▶ Work to complete: From the line containing "日本橋内山ビルの給湯室" down to the line containing "Renault Clio III", copy out the entries below exactly, both lines included, and nothing else; pictures do not belong in the copy.

▶ Supplied information:
· · · ·
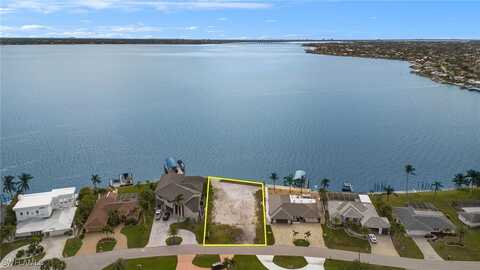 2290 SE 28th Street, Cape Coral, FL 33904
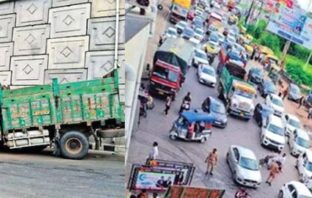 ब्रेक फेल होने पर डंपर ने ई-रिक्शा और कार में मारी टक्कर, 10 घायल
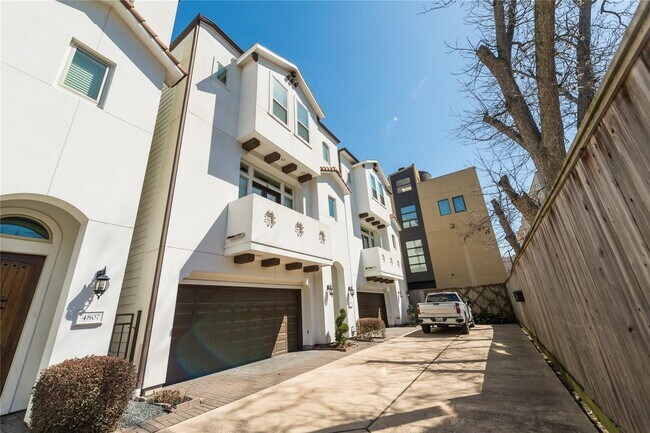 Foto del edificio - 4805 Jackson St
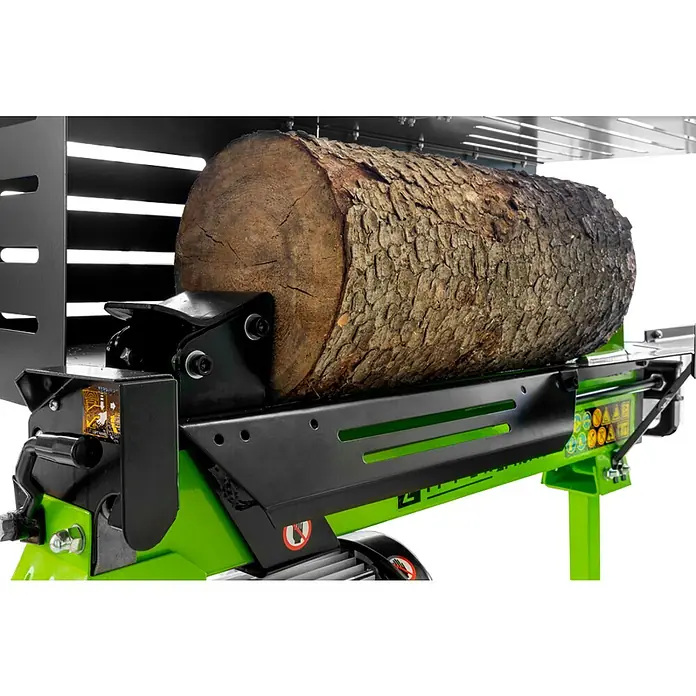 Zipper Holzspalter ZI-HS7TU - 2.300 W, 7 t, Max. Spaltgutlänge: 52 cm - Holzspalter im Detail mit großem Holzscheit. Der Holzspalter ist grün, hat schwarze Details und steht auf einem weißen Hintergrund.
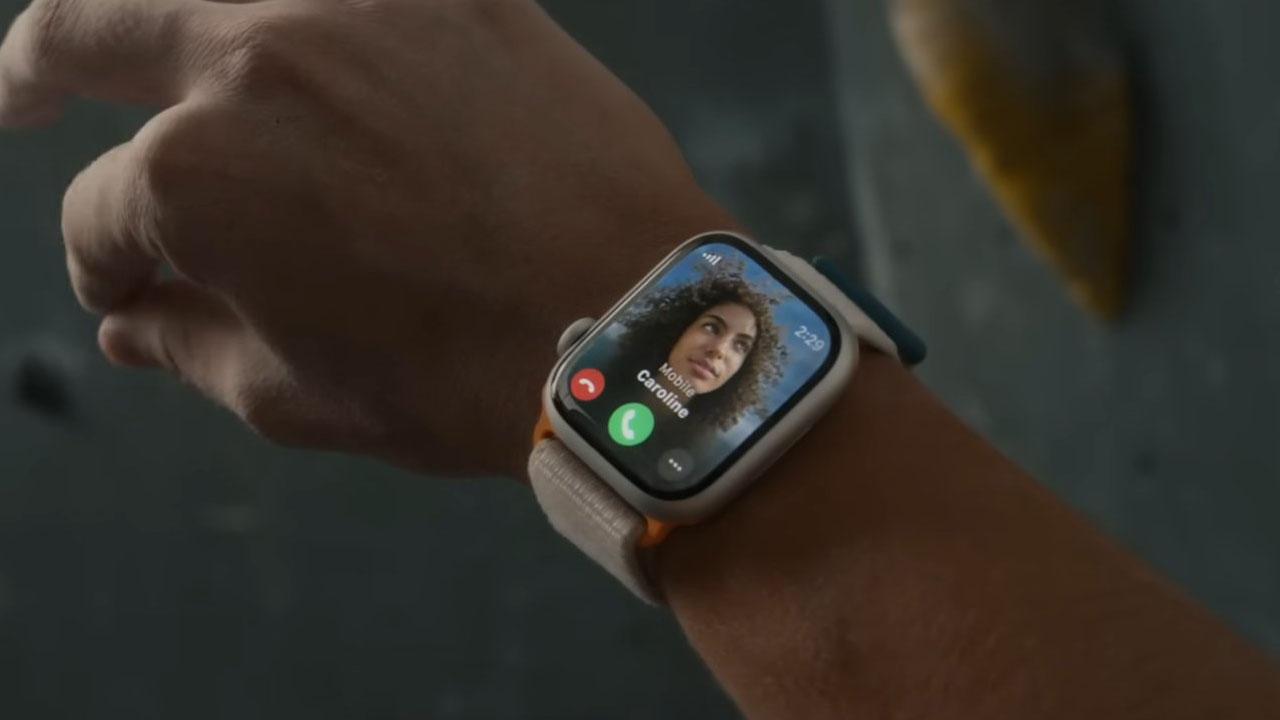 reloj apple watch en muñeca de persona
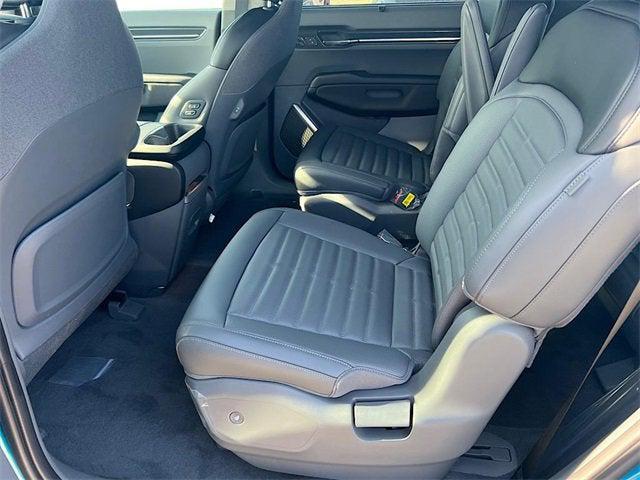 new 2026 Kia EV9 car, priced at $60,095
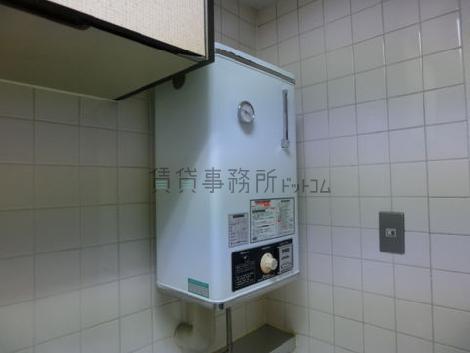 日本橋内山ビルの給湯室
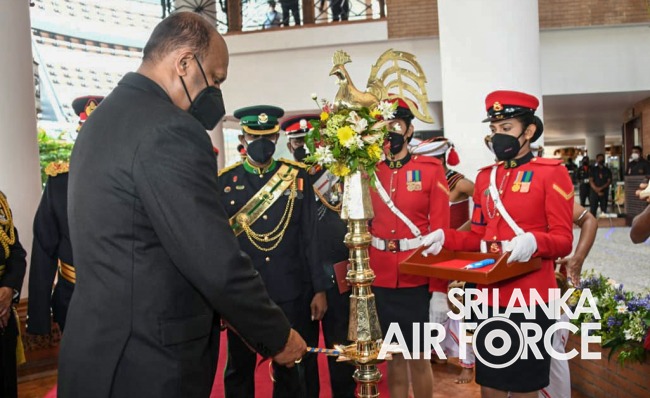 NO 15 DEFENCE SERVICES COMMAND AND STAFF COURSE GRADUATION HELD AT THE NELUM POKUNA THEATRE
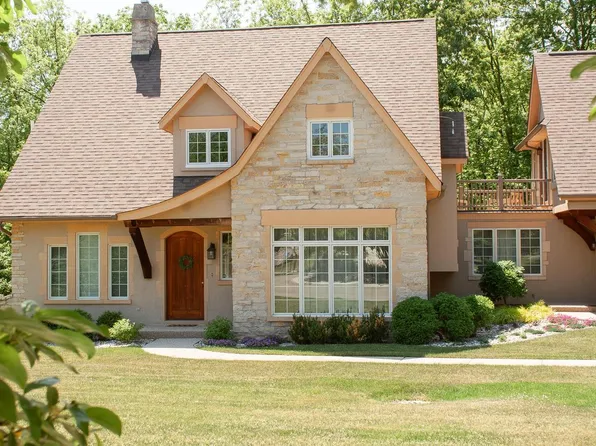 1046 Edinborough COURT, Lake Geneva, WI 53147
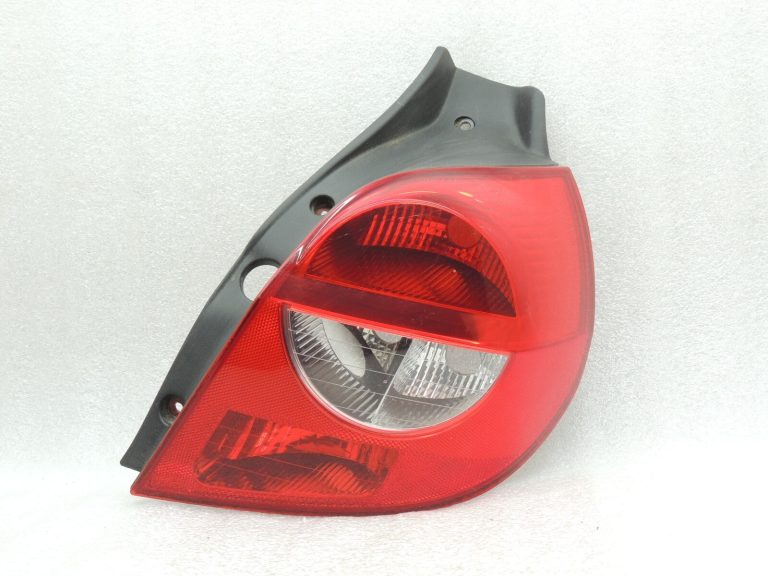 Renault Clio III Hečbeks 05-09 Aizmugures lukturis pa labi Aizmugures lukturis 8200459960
· · · ·
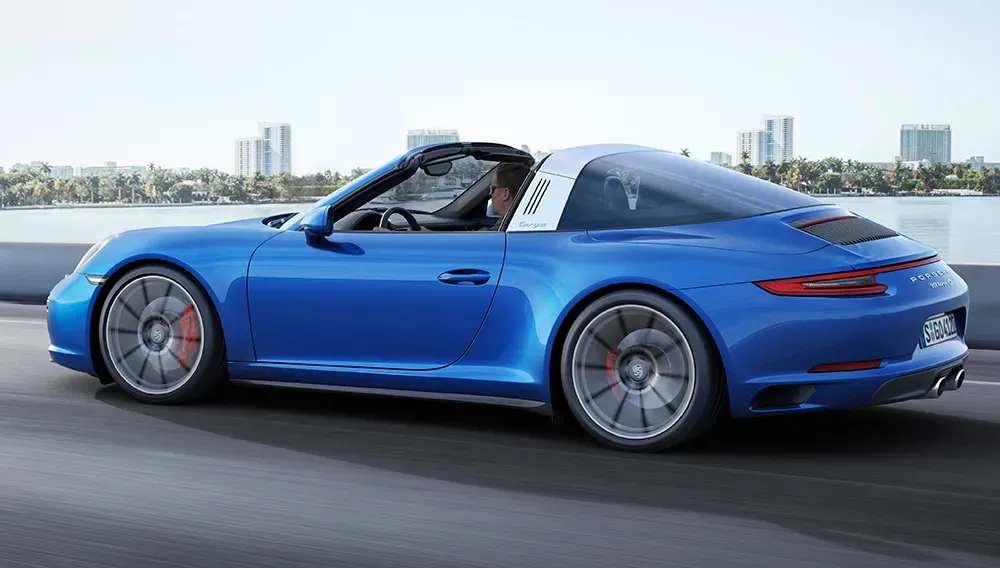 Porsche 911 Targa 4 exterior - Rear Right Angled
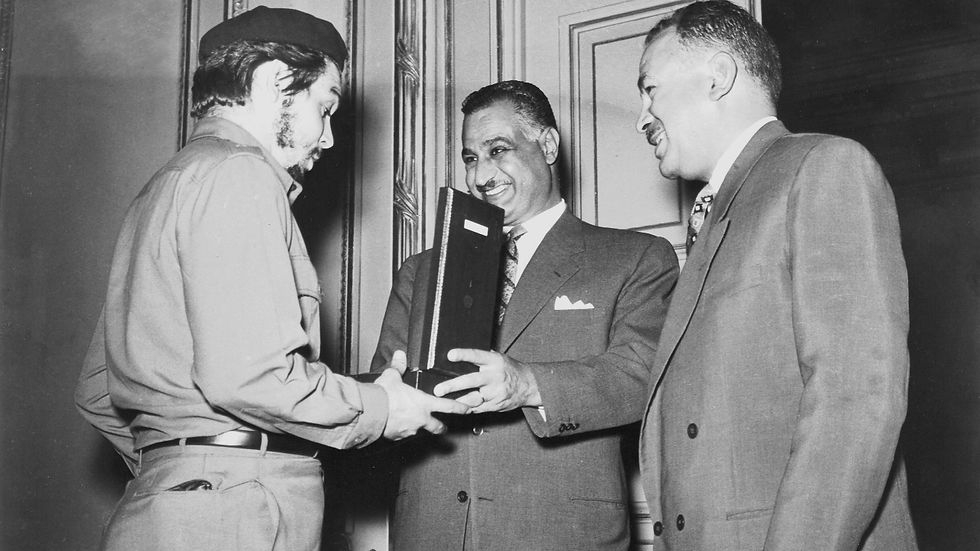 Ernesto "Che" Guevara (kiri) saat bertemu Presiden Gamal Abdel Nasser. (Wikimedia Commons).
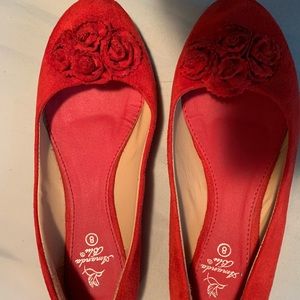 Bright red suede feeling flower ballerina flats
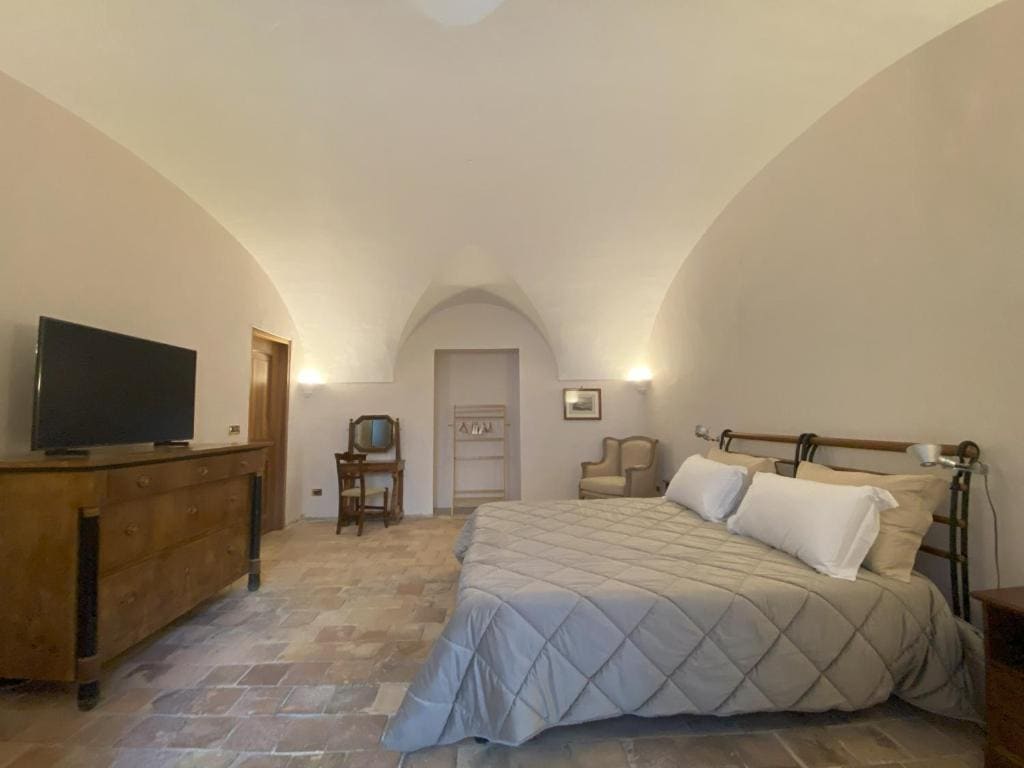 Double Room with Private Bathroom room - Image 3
· · · ·
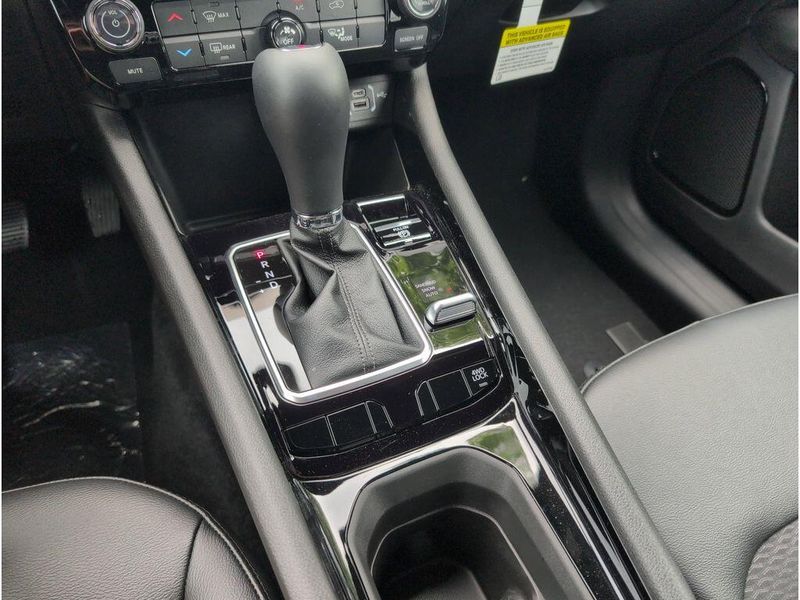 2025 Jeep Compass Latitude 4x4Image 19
· · · ·
▶ Solution:
 日本橋内山ビルの給湯室
 NO 15 DEFENCE SERVICES COMMAND AND STAFF COURSE GRADUATION HELD AT THE NELUM POKUNA THEATRE
 1046 Edinborough COURT, Lake Geneva, WI 53147
 Renault Clio III Hečbeks 05-09 Aizmugures lukturis pa labi Aizmugures lukturis 8200459960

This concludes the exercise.